Disallowance of flat rate holding discount when determining the market value of shares in a corporation from sales

When valuing an unlisted share in a corporation for gift tax purposes a constant flat-rate holding markdown is not acceptable. The market value of an unlisted share in a corporation can only be derived from sales between third parties if the sales take place in the normal course of business and in accordance with ongoing market principles, the Supreme Tax Court said in a most recent judgment.

Background

In the case of dispute, the father transferred shares in the plaintiff, a family holding company, to his children as a gift. The plaintiff determined the value of the shares for gift tax purposes by taking as a reference basis some sixty sales of other comparable shares during a period of 12 months prior to the gift. The sales had primarily taken place between (distantly related) family members. The purchase prices were based on the net asset value of the company together with a flat-rate deduction of 20% as determined by the plaintiff's tax department. The so called 20%-holding markdown is meant to account for impairments resulting from holding costs, financial obligations not included in net financial indebtedness, reduced tradability of the shares in the holding company and limited flexibility of the shareholders due to the specified investment portfolio, among other things. Although the tax office accepted the valuation according to the net asset value method, it did not allow the so-called holding discount (of 20 %). The tax court of first instance took a different view and granted the appeal.

Decision

The Supreme Tax Court reversed the former court‘s decision and upheld the claim brought by the tax office.

The fair market value of an unlisted share in a corporation can only be derived in accordance with Section 11 (2) sentence 2 Valuation Act from sales between third parties that took place less than one year ago if the sale takes place in the ordinary course of business, and which follows the market economy principles of supply and demand. Whether this is the case always depends on the circumstances of the individual case.

Contrary to the opinion of the tax court of first instance, the value of the transferred shares could not be derived from sales between third parties because the determination of the price had not taken place during ordinary business transactions (“free market”). 

Accordingly, the net asset value determined by the plaintiff's tax department was acceptable in principle. However, and contrary to the opinion of the former tax court, the holding discount could not be applied. In the case of dispute, the discount was determined by the plaintiff purely on an empirical basis and therefore too generalized to be acceptable for tax purposes. 

A constant (unchanged) flat-rate holding discount applied for all years is not to be taken into account when deriving the market value of a share in a corporation if it is not based on the specific nature of the asset and if it cannot be ruled out that it is also intended to compensate for the shareholder's personal restraints on disposal.

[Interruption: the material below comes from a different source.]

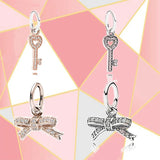 S925 Sterling Silver Heart Key Lock Bow Pendant Bracelet Women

According to the established case law of the Supreme Tax Court, discounts used to determine the market value must be applied in an objective and specific manner to the respective asset being valued. In the case of dispute, the discount did not relate to the individual shares sold but rather remained unchanged at a flat rate of 20% over a lengthy period of time.

In addition, according to the plaintiff, it was intended to reflect the fact that holding shares are more difficult to sell than other company shares due to their internal restrictions. But these are “personal circumstances” that may not be taken into account in the valuation for gift tax purposes in accordance with Section 9 (2) sentence 3, (3) of the Valuation Act.

Source:

Supreme Tax Court judgment of 25 September 2024 (II R 49/22) – published on 6 February 2025.